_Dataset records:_

============

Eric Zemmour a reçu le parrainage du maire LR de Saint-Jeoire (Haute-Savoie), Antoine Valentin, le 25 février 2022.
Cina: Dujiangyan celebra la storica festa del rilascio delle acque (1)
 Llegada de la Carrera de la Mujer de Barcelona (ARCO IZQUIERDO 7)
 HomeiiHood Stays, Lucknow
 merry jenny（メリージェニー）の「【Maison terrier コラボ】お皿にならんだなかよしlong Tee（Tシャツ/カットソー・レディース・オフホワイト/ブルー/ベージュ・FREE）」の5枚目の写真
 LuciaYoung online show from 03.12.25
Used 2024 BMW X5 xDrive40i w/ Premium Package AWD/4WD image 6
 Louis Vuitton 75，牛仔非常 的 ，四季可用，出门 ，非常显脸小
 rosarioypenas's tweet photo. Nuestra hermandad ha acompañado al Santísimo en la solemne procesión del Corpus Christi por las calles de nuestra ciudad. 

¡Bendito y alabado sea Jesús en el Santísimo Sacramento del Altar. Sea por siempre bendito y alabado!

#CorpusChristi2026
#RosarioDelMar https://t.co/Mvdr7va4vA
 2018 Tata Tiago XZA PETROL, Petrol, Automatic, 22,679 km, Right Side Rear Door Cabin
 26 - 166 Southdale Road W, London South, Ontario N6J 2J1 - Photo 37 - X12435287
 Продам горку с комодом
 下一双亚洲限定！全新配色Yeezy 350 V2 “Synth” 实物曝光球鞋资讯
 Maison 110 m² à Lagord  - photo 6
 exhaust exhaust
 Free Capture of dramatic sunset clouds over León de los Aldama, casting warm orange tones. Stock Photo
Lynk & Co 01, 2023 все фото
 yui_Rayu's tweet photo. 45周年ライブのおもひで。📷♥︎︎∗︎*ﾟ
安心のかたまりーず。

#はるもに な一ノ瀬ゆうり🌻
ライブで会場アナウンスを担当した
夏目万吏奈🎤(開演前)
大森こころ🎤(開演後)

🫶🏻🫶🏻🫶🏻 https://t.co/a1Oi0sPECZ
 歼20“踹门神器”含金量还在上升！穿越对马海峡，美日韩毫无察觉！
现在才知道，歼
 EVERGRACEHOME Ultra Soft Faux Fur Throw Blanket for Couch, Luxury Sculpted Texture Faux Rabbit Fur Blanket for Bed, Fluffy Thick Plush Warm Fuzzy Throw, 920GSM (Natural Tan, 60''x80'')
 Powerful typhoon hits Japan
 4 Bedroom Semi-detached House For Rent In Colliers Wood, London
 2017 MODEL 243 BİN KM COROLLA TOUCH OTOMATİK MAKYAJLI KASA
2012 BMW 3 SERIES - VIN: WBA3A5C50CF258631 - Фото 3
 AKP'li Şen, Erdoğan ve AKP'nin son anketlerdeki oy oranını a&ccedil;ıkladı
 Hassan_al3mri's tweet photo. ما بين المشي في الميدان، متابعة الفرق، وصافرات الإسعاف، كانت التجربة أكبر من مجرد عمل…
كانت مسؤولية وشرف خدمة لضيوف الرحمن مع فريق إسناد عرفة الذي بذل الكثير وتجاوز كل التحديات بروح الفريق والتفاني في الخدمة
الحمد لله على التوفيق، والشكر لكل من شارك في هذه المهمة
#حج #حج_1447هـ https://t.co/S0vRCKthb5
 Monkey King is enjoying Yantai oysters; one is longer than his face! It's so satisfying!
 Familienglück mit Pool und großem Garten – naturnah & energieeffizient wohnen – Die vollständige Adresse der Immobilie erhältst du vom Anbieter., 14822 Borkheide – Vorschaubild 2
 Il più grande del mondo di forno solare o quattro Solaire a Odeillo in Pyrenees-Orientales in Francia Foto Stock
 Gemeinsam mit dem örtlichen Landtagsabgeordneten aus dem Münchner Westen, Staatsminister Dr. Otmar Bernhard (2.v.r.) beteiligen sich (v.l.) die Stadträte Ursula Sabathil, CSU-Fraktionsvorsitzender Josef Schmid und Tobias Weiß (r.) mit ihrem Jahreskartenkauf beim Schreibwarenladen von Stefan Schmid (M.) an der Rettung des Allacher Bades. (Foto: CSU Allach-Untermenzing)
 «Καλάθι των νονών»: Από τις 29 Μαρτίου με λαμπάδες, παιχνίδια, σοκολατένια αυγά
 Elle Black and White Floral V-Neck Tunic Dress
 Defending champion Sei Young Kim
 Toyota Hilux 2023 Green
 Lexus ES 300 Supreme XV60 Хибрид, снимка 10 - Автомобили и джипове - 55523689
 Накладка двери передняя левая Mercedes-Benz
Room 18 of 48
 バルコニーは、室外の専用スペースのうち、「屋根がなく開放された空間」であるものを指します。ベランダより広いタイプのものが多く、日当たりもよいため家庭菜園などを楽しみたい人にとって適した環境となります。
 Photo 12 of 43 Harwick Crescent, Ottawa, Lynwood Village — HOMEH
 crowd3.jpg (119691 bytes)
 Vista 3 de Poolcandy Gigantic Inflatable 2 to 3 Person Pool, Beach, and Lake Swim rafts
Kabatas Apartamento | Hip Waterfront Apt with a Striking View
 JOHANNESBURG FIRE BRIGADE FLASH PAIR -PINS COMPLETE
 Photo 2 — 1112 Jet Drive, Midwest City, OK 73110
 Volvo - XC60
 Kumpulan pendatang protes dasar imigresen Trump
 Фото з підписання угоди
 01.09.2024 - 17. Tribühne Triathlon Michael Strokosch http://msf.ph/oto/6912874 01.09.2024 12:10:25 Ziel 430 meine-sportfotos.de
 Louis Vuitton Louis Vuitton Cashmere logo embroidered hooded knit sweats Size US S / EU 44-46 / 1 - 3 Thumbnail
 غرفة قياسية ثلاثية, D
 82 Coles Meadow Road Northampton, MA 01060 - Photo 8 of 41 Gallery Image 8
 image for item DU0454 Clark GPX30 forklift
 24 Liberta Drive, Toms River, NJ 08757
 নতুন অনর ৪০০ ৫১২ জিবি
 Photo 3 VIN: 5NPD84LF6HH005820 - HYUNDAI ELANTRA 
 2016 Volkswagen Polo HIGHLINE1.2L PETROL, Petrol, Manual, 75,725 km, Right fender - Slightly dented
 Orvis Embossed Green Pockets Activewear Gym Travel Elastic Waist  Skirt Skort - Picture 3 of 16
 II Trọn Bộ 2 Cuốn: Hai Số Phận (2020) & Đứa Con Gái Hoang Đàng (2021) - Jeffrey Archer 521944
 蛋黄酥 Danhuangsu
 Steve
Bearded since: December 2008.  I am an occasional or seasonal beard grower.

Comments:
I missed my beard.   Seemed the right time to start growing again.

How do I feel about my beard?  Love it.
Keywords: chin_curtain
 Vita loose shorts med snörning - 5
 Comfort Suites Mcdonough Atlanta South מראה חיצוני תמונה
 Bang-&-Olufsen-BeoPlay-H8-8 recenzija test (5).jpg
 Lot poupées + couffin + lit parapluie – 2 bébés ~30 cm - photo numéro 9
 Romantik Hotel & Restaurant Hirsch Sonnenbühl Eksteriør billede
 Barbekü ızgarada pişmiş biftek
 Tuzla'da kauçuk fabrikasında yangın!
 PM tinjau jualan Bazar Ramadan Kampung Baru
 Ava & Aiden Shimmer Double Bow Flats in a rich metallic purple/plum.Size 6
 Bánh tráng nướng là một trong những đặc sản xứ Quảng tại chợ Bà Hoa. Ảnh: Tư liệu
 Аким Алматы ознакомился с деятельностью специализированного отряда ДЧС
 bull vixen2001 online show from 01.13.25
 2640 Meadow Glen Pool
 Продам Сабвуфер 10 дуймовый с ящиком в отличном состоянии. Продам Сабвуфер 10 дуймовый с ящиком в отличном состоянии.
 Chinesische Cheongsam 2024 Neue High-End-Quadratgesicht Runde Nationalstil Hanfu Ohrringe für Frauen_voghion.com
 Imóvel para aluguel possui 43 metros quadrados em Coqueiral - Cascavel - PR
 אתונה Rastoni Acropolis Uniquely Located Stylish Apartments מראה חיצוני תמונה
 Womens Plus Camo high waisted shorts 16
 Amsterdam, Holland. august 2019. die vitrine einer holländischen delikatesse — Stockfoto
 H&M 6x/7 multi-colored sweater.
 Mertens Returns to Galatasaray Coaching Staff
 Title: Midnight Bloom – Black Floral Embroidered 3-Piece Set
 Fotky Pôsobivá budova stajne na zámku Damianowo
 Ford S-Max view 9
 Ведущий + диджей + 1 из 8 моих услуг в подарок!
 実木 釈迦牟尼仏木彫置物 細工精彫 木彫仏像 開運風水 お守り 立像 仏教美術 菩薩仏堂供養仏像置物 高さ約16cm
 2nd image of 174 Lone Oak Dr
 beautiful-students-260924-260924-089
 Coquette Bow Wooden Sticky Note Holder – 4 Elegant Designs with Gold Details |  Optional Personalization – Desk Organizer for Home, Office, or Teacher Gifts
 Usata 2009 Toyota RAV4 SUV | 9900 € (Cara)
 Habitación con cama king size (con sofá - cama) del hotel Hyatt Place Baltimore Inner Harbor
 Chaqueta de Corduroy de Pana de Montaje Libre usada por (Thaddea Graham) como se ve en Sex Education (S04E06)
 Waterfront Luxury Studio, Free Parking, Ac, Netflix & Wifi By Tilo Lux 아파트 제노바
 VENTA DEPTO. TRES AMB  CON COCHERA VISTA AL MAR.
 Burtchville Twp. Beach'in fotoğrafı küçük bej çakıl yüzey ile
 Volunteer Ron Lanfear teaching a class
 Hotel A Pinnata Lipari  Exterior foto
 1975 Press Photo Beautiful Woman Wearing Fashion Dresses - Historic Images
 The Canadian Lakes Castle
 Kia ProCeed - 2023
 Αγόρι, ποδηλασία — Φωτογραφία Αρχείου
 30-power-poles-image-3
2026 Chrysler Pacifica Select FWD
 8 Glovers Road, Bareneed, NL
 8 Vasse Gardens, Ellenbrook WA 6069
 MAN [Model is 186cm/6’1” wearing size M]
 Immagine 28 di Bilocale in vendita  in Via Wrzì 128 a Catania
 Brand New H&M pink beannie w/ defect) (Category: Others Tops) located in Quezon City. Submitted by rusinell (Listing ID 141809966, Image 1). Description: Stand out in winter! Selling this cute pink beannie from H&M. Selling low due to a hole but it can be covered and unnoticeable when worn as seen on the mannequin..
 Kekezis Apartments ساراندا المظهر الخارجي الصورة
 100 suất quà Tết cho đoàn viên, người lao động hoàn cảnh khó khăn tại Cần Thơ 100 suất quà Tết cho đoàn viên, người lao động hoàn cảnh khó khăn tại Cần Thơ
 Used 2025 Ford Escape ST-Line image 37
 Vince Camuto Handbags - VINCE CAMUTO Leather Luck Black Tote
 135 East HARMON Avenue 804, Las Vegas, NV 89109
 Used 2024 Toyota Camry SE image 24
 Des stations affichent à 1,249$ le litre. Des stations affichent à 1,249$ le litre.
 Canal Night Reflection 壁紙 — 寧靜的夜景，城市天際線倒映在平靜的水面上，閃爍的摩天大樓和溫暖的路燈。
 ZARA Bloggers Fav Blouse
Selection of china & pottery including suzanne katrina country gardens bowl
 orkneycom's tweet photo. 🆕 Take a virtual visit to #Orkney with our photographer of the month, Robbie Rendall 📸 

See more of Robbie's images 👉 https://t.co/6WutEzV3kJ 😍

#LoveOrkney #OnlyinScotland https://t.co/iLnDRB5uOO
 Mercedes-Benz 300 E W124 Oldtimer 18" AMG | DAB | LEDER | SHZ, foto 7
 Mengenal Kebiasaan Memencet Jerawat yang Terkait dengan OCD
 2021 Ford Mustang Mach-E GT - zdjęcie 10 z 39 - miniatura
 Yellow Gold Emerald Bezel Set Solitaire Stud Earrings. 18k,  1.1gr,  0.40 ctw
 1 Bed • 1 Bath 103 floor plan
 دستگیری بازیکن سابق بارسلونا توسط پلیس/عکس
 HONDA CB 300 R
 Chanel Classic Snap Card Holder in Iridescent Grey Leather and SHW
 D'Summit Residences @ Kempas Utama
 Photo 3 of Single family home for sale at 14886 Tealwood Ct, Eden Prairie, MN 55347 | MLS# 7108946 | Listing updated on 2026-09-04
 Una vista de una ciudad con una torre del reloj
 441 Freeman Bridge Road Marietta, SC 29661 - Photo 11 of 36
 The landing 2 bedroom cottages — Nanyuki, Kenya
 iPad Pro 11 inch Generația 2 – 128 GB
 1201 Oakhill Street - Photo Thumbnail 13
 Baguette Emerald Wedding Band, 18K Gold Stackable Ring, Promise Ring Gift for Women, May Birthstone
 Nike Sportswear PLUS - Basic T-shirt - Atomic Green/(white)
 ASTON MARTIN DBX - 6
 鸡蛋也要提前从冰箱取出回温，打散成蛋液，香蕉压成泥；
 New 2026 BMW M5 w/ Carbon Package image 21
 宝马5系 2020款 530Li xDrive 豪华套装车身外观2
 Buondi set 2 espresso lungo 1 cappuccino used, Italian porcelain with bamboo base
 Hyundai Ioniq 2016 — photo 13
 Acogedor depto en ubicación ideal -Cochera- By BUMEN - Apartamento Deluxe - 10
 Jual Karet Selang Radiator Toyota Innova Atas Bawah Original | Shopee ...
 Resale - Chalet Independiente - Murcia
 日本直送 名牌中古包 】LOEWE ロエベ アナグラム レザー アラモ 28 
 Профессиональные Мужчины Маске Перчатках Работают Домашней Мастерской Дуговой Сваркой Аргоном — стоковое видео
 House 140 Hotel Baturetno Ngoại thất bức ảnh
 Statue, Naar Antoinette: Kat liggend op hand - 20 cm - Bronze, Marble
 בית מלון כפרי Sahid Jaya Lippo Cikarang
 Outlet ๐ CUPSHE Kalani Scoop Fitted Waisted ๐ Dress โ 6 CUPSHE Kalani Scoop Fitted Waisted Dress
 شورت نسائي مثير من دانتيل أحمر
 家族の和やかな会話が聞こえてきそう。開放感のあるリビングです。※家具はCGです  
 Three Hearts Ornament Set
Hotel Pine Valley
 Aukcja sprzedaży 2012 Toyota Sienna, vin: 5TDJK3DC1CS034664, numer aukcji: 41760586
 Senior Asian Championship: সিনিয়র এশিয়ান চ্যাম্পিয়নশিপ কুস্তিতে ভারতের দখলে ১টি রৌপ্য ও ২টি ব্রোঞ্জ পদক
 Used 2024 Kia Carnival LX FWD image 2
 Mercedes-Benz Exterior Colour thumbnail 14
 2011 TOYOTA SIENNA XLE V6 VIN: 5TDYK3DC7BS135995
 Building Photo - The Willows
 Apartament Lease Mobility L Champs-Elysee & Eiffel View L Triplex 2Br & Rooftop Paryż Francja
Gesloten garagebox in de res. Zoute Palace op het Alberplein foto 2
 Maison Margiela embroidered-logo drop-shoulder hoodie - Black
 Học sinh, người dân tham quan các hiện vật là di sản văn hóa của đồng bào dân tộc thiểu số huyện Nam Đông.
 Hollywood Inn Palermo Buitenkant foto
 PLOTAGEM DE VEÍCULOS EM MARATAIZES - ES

============

_About this task:_ Begin at the line that has "II Trọn Bộ 2" in the entries above; stop after the line that has "How do I feel". Transcribe exactly those lines and no others.

_Exercise solution:_
 II Trọn Bộ 2 Cuốn: Hai Số Phận (2020) & Đứa Con Gái Hoang Đàng (2021) - Jeffrey Archer 521944
 蛋黄酥 Danhuangsu
 Steve
Bearded since: December 2008.  I am an occasional or seasonal beard grower.

Comments:
I missed my beard.   Seemed the right time to start growing again.

How do I feel about my beard?  Love it.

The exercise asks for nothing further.